In defiance of the U.S. government’s attempts to spread fear and discredit Cuba’s reputation as a safe country, members of the U.S. Non-governmental organization CODEPINK, visited the Caribbean island to show their opposition to the White House’s hostile policy

Nov 9, by Speaking before national press outlets at the Havana headquarters of the Cuban Institute of Friendship with the Peoples (ICAP), the activists condemned the criminal economic, commercial and financial blockade imposed by the U.S. on Cuba, called for the closure of the illegal Naval Base in Guantánamo, and for the normalization of diplomatic relations between the two countries. CODEPINK, founded on November 17, 2002, is a women-led grassroots organization working to end U.S. wars and militarism, support peace, environmental protection, and human rights initiatives; as well as redirect taxpayer’s money destined for the military sector into areas linked to social development.

Co-founder of the organization, Medea Benjamin, highlighted the irony of the U.S. State Department’s attempt to create fear by issuing travel warnings on Cuba, when it is one of the safest countries in the region, and given the level of violence and death in the U.S. as a result of the right to bear arms.

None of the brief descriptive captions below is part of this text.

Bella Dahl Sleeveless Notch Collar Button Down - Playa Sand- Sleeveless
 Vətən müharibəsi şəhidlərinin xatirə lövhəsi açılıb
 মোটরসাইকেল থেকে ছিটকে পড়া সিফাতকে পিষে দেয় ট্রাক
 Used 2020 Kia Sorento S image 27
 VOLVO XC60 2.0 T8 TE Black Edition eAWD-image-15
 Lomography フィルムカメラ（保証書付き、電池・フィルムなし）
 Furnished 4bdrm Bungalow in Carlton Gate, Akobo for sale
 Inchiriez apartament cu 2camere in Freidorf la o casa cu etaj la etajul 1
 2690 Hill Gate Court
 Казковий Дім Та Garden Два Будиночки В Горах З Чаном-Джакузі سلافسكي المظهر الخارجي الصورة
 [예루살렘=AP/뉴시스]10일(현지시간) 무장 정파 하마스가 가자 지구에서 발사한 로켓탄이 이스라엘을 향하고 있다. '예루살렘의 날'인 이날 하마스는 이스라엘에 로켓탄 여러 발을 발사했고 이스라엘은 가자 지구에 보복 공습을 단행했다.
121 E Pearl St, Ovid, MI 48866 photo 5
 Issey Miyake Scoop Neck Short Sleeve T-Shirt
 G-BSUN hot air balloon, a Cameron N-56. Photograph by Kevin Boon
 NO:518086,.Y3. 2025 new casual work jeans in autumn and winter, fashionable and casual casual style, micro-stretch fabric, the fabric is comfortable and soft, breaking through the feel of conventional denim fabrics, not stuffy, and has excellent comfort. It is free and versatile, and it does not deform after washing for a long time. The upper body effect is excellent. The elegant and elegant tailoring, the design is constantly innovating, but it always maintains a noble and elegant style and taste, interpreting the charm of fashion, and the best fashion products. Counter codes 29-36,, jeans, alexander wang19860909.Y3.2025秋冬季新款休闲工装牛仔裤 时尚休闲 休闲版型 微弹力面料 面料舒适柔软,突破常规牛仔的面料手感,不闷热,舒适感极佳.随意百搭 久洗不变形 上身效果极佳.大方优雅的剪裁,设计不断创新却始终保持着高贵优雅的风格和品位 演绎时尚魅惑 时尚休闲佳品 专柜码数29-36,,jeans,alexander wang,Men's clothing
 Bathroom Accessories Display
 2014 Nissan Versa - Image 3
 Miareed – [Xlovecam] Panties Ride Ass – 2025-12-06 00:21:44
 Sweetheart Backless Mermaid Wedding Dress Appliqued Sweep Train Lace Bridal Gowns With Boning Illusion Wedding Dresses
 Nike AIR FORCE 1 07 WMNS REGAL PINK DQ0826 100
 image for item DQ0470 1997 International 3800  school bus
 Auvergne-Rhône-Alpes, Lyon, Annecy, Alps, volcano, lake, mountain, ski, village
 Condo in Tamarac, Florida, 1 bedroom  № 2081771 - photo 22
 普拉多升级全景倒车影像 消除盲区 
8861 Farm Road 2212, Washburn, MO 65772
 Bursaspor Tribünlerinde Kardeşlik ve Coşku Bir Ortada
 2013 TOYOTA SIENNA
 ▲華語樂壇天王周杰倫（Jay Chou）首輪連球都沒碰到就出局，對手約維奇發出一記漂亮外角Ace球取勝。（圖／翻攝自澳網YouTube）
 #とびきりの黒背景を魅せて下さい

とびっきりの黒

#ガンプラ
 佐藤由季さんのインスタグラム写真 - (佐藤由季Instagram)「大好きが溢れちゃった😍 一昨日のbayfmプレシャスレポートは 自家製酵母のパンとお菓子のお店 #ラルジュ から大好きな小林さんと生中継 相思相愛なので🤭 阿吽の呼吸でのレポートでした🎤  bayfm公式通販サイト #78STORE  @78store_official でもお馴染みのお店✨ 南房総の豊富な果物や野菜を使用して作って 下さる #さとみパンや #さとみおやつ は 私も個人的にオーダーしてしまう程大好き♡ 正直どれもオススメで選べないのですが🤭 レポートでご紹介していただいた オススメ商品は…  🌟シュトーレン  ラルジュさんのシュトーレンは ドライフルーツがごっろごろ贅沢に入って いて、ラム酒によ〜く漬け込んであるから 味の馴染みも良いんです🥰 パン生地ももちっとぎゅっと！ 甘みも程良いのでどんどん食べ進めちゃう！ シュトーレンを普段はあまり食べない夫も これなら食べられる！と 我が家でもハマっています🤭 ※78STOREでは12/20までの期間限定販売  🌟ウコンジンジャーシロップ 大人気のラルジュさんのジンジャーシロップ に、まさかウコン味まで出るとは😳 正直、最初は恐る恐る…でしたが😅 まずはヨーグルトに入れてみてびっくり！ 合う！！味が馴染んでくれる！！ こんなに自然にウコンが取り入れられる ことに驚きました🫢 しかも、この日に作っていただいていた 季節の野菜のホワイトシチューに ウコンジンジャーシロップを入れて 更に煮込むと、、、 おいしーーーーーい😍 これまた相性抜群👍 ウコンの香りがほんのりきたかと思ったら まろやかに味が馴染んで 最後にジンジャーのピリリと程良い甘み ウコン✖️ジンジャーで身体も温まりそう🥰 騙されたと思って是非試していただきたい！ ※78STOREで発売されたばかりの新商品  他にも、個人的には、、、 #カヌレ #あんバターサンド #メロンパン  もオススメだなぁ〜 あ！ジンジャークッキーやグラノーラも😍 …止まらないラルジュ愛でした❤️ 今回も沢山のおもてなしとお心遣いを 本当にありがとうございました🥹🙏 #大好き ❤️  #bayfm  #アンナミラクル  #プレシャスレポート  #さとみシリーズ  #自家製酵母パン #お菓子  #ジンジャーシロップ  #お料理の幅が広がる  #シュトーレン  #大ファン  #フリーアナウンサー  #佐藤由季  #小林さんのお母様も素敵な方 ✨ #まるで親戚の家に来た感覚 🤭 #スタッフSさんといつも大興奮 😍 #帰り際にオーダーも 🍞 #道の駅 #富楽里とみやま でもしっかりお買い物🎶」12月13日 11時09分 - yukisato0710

“When we get back we will talk about our experience here in Cuba and recommend that people visit the island, not only to meet with solidary people but also to get to know a country with a very interesting culture and way of life,” she noted, going on to emphasize the high level of safety on the island.

The CODEPINK co-founder went on to note that much work remains to be done to raise awareness around the issue of war; especially at such a complicated time for the country, with many domestic matters to resolve. In this sense she noted that the organization is working to build alliances with other progressive groups, above all those struggling to end police violence against African-Americans and people of color, immigrant rights movements, and environmentalists. Madea stated that 50 years after the unjust blockade was imposed on Cuba, she never imagined she would still be struggling to bring an end to the immoral and irrational policy, which has been condemned by international organizations such as the UN and the Vatican.

“Only the U.S. oligarchy and Cuban-American mafia groups are interested in maintaining the policy; and President Trump announced a reversal in bilateral diplomatic relations to appease these individuals, but firm opposition from the U.S. public, who condemn this hostility, has prevented him from implementing new laws,” she explained. The activist also noted that the results of surveys conducted by renowned U.S. institutions show that the vast majority of citizens support normal relations with Cuba and want to be able to freely visit the Caribbean island.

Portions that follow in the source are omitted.